§ Directions
An exact copy of the lines of the listing below between the "Total Graph of Otherprsn" line and the "Banks Ram-Air® Differential" line, both included, is the whole answer; please omit the pictures.

BEGIN Data section

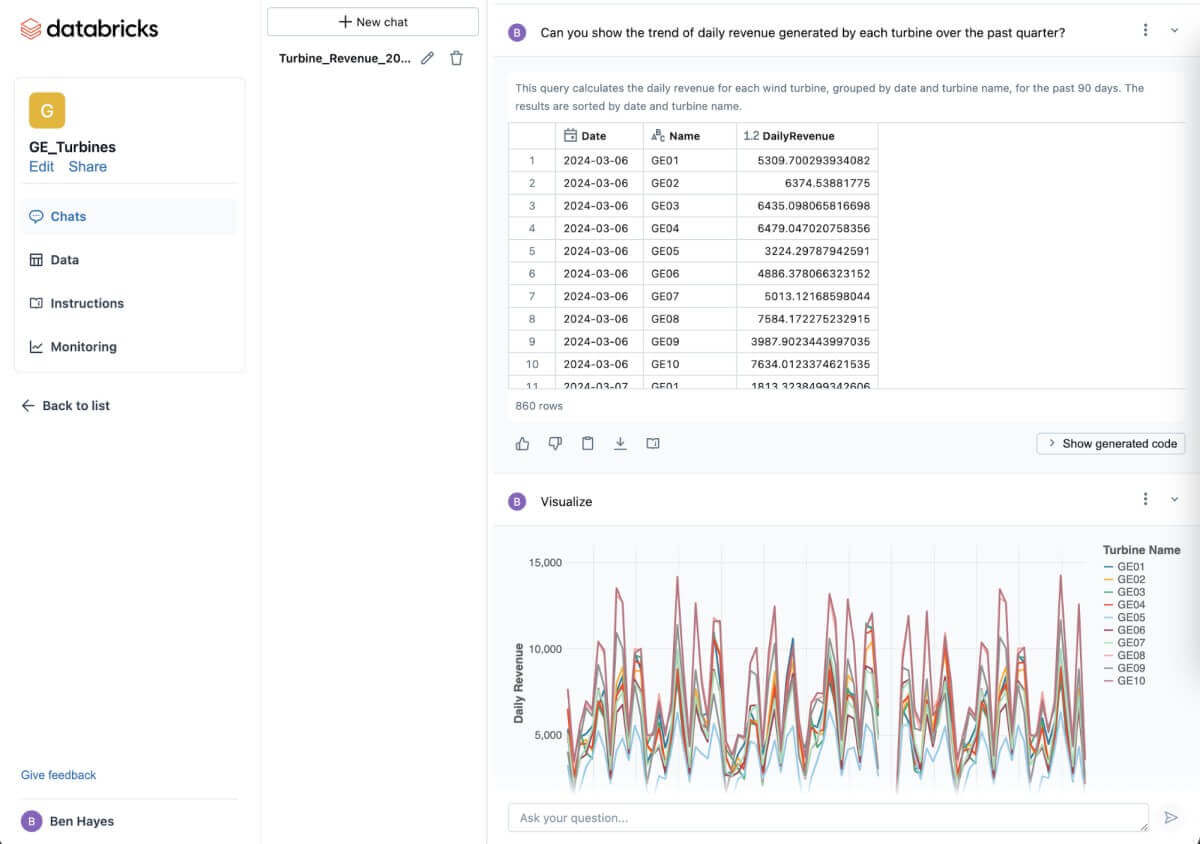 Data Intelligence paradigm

END Data section
BEGIN Data section

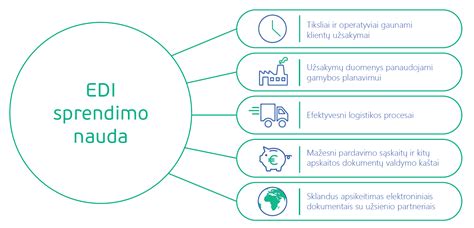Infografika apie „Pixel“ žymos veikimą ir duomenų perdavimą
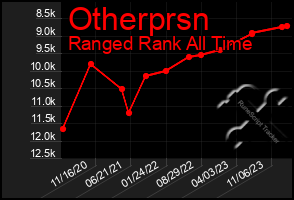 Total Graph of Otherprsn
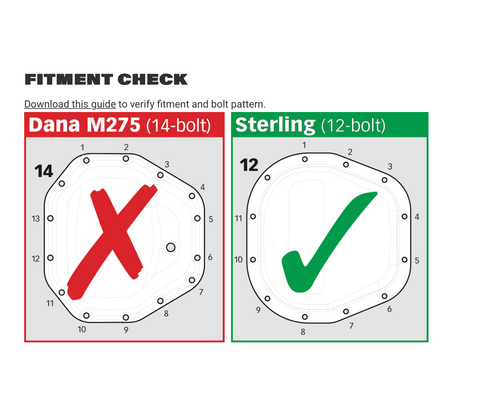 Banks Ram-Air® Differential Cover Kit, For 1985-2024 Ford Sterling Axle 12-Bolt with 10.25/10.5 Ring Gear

END Data section

§ Exercise result
 Total Graph of Otherprsn
 Banks Ram-Air® Differential Cover Kit, For 1985-2024 Ford Sterling Axle 12-Bolt with 10.25/10.5 Ring Gear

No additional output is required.